Nixon's visit to China resulted from his decision to end American involvement in Vietnam. He wanted, however, to make sure Vietnam's northern neighbor China was not the same Communist country as the Soviet Union, and that after American withdrawal, Vietnam was not to form a "Communist zone" with China and the Soviet Union. He was glad to find Communist China was more nationalistic than Communist and that it had broken off with the USSR as early as 1960, with Krushchev's visit to the United States in 1959. At that time, China charged the Soviet Union had lost its revolutionary zeal, and that it was "revisionist"--it started to revise the Marxist doctrines of class struggle and no compromise between the working classes and the capitalist classes. By late 1971, the huge costs of the Cultural Revolution and the defection of Lin Biao made Mao think twice of his own revolutionary radicalism, hence his decision to modify his political zeal and become more open in the international realm.
Nixon's visit, however, did not signify an immediate opening of China to the outside world. China viewed the Americans with suspicion, and guarded its own people against any improper behavior in front of the Westerners. The Chinese government felt the need to defend its national pride. The irony was that although economic development was much deemphasized and pitted against political/class consciousness during the Cultural Revolution, it was economic prosperity that the Chinese government wanted to display to the American visitors. Thus the themes of the "Big Fish" and "Nixon's Press Corps.
Around the time of Nixon's visit, there was a semi-political movement in China, focused on the criticism of a documentary made by a renowned Italian filmmaker called Antonioni (who died recently) who was charged of "smearing the great revolutionary China's image" because he filmed some shanty houses and realistic scenes of life such as soy sauce bottles in people's homes. Image was all that mattered, suggesting Communist China's sensitivity to the capitalist world.
The story "Big Fish" like other stories in the collection, covers several aspects of the CR: Kuai shifu (master Kuai) was an old dockyard worker in the city of Nanjing, the setting of most stories in the collection. He had very good class background, and, by Communist standards, should have "high class consciousness," and display revolutionary selflessness and dedication to the party and the country.

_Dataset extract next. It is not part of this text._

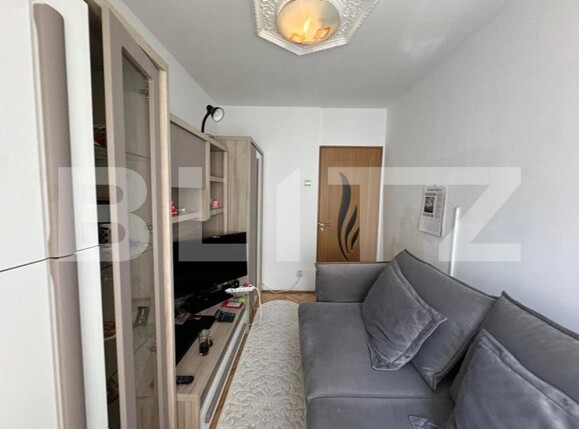 Apartament de vânzare 3 camere Valea Aurie - 174939AV | BLITZ Sibiu | Poza4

Here, he is out shopping for some good food for his sick wife. Their financial difficulty was obvious, from the way he carefully weighed the prices of the fish and other groceries. And again, it reflected the financial difficulty of much of the Chinese population at the time. Even though food was exceedingly cheap in the 1970s by today's standards, much good food was still beyond the purchasing power of many ordinary Chinese. Because he was an experienced worker, and enjoyed expertise at his work, during the Cultural Revolution, some of his younger apprentices attacked him, associating him with being bourgeois. Although the charge was absurd, it reflected the radicalism of the CR, that even an experienced working class man could not escape from it. Knowledge itself seemed to be bad. The new apprentice's respect for him suggested a decrease of political radicalism in 1972. The prospective visits of American newspapermen, possibly accompanying or in the wake of Nixon's visit to China, led Nanjing officials to put up a show by stocking up the central market in the city where merchandise could be seen and not bought. The irony was when Kuai Shifu learned the truth, he did not behave as what he was supposed to: bow to the authority and willing defer his own interest to the defense of the city's image, but reacted with anger. Here, the old worker did not act according to his class role but put his own interest first. It might also suggest people were fed up with the fake shows, fake reports, fake pledges, of the Cultural Revolution.
"Nixon's Press Corps" is on a similar theme: the possibility of American journalists visiting Nanjing stirred the city to prepare three months ahead of time. While putting up a best image for show to the Americans, the city also guarded against suspects who might badmouth China to the journalists. Since the author and her husband did not come from a revolutionary background but from the United States, they were suspected not to have the "class consiousness" to talk properly to the American journalists (even though they came back to China full of ideals for socialism) and were tacitly advised to avoid appearing in the streets on the designated day of foreign visit. Another big thing to do was to take off the drying racks outside of people's windows--as most in the city lived in apartment buildings and had very little space to hang their clothes to dry in the open. Those racks and the clothes on them made the city look "messy." One of the charges against Antonioni the Italian filmmaker was he photographed people's drying racks with clothes on them.
It is interesting to note that such a thing as taking off drying racks was done in the same way as other mass political movements: it relied on the mobilization of the masses and the latter's voluntary following of the party's directives. Therefore when the neighborhood community leader Kang Sao came to persuade Hsin Laoshi (teacher Hsin, the protagonist) to take off her drying racks, she would charge Hsin Laoshi for acting against the Party discipline but would not take off the racks for her, as this was supposed to be done voluntarily by the people. As in other political movements, pressure, and coercion were used to make people conform to party line; the people must appear voluntarily conforming, just as those most persecuted in the CR all had to write confession letters to show they really were what they were charged with. Often these confession letters were written under great pressure, sometimes even physical torture. One example was how Jen Hsiu-lan was treated in order to have her write a letter of confession. Surprisingly, Hsin Laoshi was not punished for acting defiantly against party orders, suggesting that becaus China was softening toward the U.S., as a returned Chinese from the U.S., Hsin Laoshi was to be befriended, by new party policies. Should she have been a native of Nanjing or some other region of China, her treatment could have been very different.